:: TASK BRIEF ::
What are the lines from the one containing "Awesome Handmade Men's" through the end of the listing below? Return them exactly, and only them.

Start of SUPPLIED ENTRIES

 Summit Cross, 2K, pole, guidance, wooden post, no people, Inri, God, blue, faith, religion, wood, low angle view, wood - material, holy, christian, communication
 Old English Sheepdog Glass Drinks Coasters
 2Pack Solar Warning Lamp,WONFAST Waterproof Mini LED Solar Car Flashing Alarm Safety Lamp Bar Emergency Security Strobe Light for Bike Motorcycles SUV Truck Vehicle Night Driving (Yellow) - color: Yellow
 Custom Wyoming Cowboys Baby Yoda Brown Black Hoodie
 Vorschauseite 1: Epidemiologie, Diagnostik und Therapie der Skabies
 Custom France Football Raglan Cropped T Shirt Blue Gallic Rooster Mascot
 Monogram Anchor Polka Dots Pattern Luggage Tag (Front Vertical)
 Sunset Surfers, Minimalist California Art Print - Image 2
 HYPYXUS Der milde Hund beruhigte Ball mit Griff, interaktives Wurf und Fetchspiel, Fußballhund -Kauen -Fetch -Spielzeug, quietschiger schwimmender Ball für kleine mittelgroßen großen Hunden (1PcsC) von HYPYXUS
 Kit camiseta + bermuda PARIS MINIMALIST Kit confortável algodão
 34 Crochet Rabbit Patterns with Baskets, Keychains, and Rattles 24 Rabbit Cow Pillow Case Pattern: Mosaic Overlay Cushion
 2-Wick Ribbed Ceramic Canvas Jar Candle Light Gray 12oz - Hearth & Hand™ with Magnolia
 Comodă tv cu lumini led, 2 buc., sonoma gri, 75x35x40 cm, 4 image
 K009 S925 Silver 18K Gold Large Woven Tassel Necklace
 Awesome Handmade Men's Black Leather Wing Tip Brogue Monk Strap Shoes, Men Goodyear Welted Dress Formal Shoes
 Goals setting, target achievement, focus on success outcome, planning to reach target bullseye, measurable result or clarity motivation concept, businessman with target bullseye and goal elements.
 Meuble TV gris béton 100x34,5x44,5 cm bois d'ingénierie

End of SUPPLIED ENTRIES

:: RESPONSE BELOW ::
 Awesome Handmade Men's Black Leather Wing Tip Brogue Monk Strap Shoes, Men Goodyear Welted Dress Formal Shoes
 Goals setting, target achievement, focus on success outcome, planning to reach target bullseye, measurable result or clarity motivation concept, businessman with target bullseye and goal elements.
 Meuble TV gris béton 100x34,5x44,5 cm bois d'ingénierie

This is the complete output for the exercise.